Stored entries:
▬▬▬▬▬▬▬▬▬▬

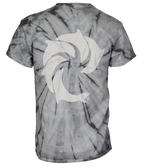 Solid Tie Dye S/S T-Shirt - Wave Riding Vehicles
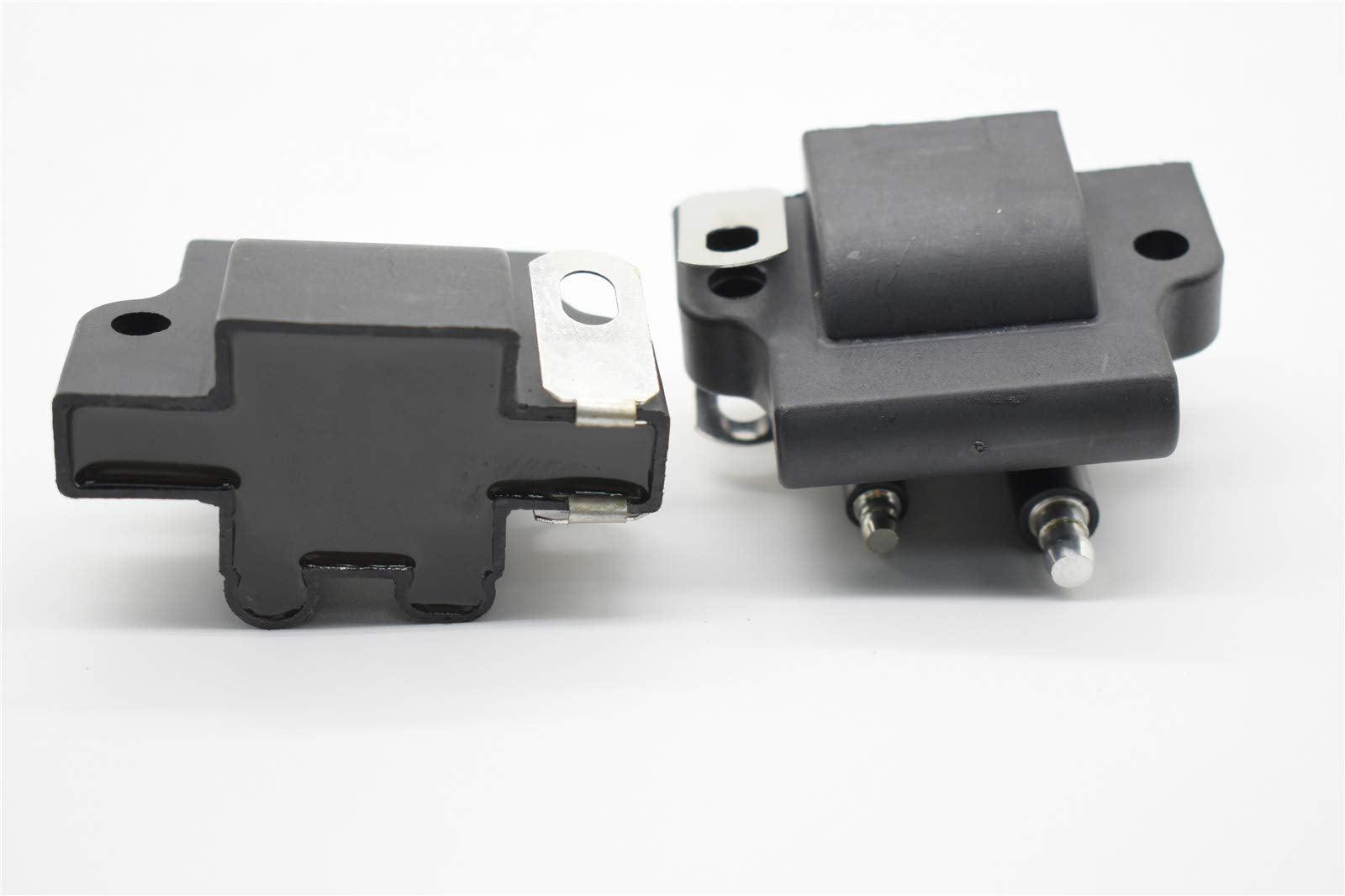 Diagnostic notes snippet for Waricaca 582508 ignition coil troubleshooting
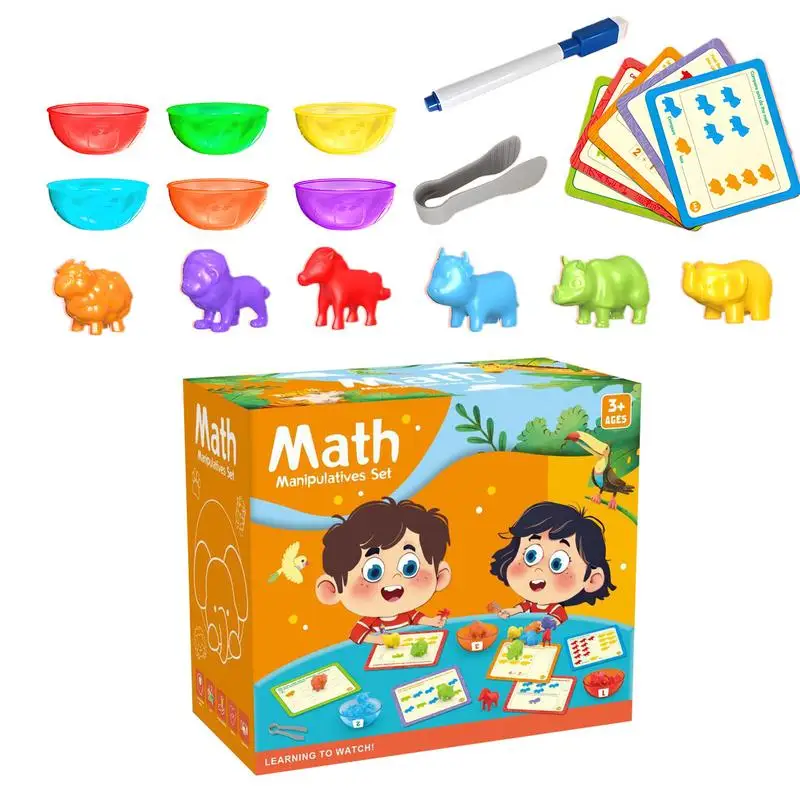 

Number Recognition Games Colorful Sensory Toys For Number Recognition Educational Kids Toys Multifunctional Early Learning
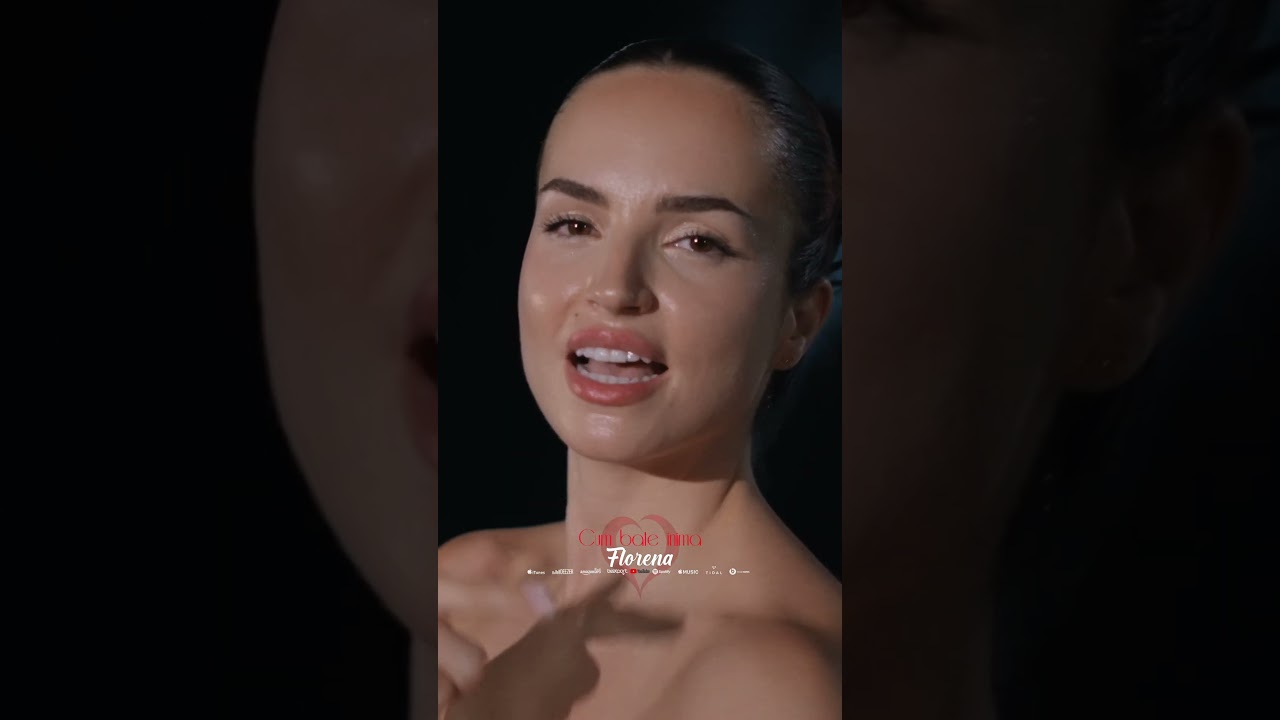 Florena ❤️ "Te prind din priviri" 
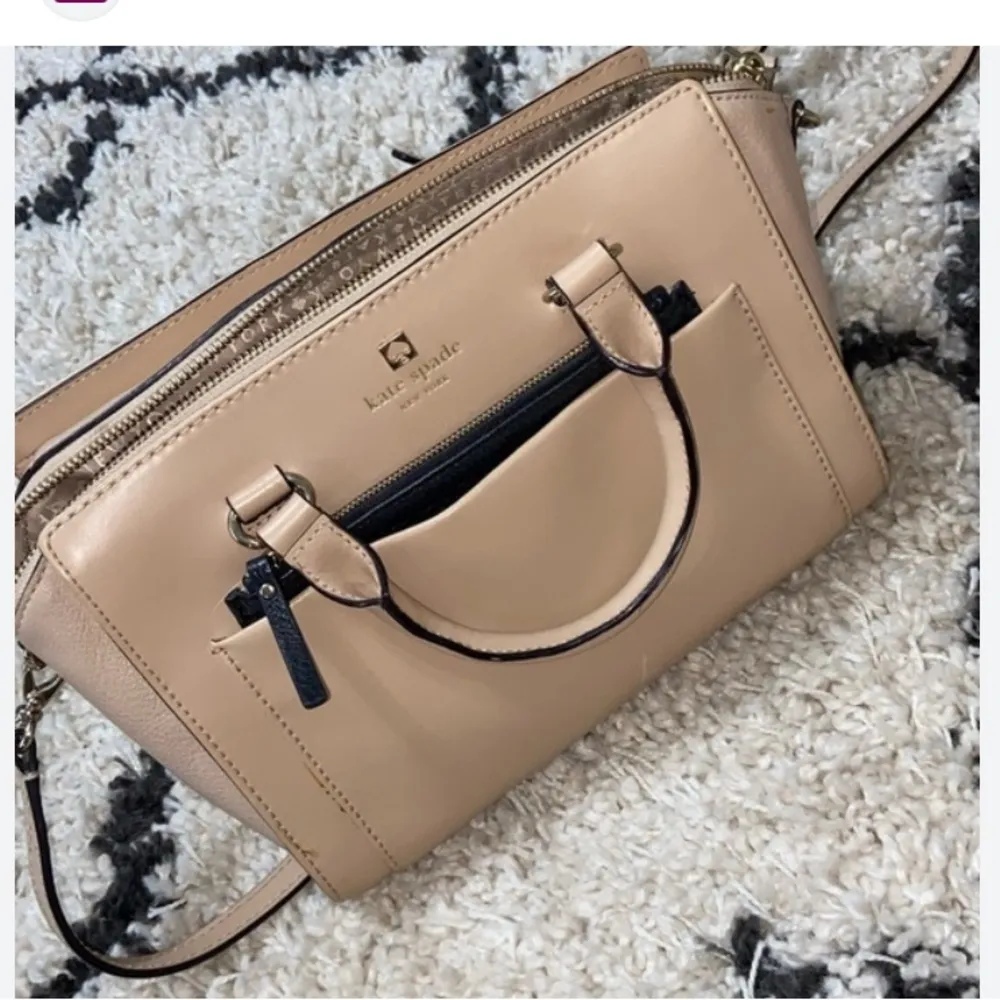 Kate spade purse New missing tag. - Image 2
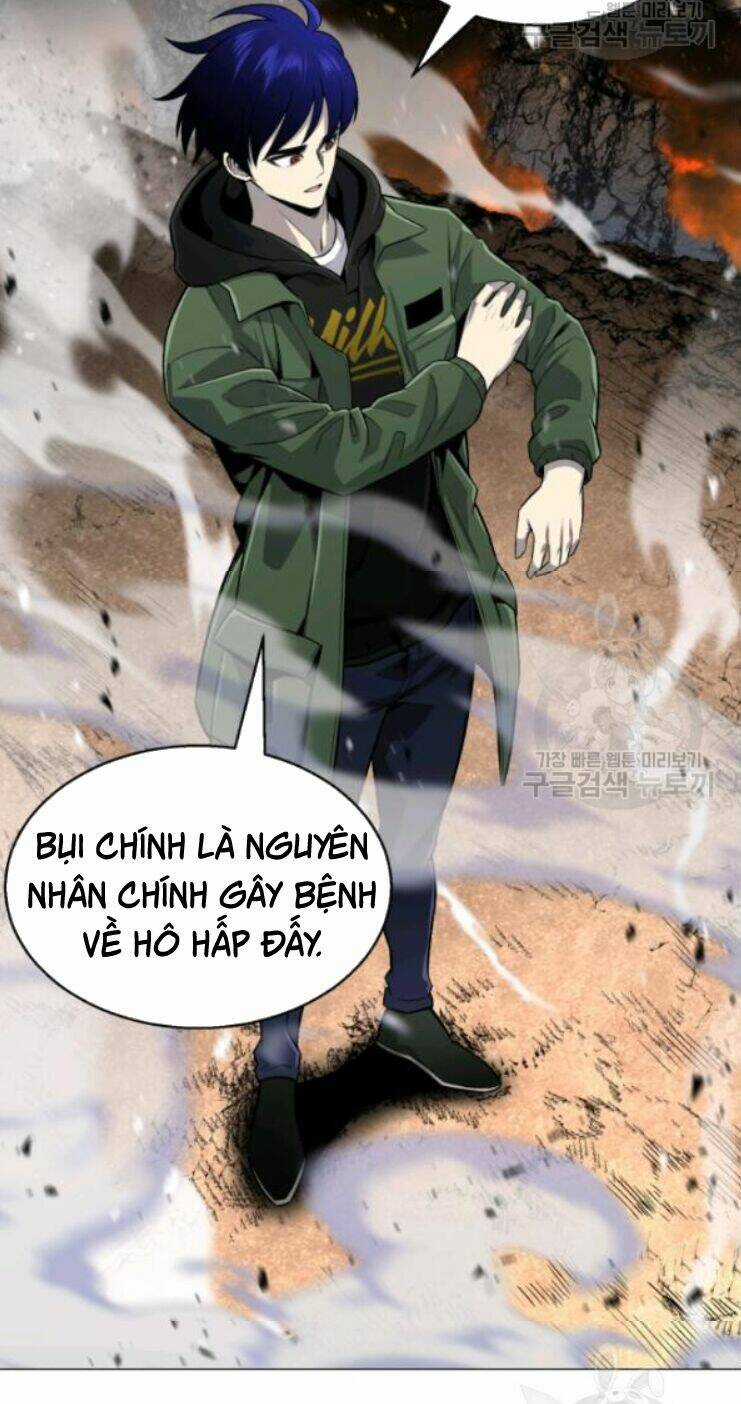 Luân Hồi Ác Nhân - Chapter 61 - Trang 40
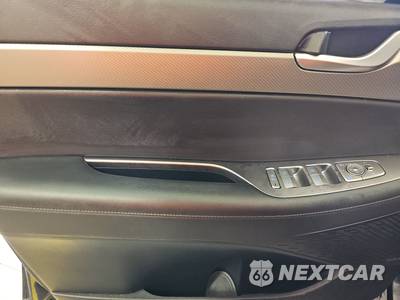 2023 Hyundai Palisade SEL - zdjęcie 9 z 45 - miniatura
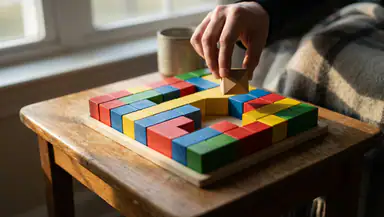 ブロックブラストはなぜ何度も遊びたくなるのか　判断の密度で変わるスマホパズルの基準 header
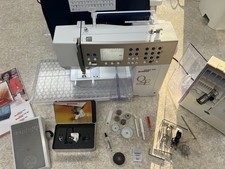 Bernina aurora 440 for sale  Lancaster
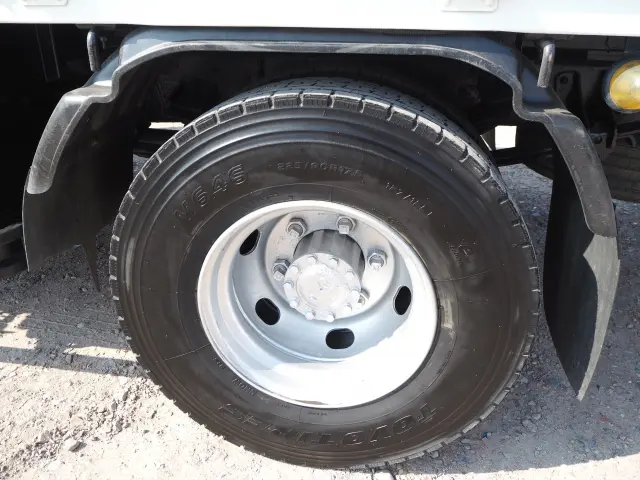 日野 レンジャー TKG-FD9JLAA(2WD)の写真27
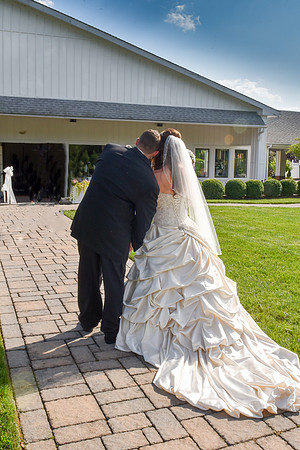 Wedding Pictures The Farmhouse at the Grand Colonial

▬▬▬▬▬▬▬▬▬▬

Problem: Write out exactly the run of lines above that starts at the line containing "Kate spade purse New missing tag. - Image 2" and ends at the line containing "日野 レンジャー TKG-FD9JLAA(2WD)の写真27". Include both, and leave the pictures out.

Output of the task:
 Kate spade purse New missing tag. - Image 2
 Luân Hồi Ác Nhân - Chapter 61 - Trang 40
 2023 Hyundai Palisade SEL - zdjęcie 9 z 45 - miniatura
 ブロックブラストはなぜ何度も遊びたくなるのか　判断の密度で変わるスマホパズルの基準 header
 Bernina aurora 440 for sale  Lancaster
 日野 レンジャー TKG-FD9JLAA(2WD)の写真27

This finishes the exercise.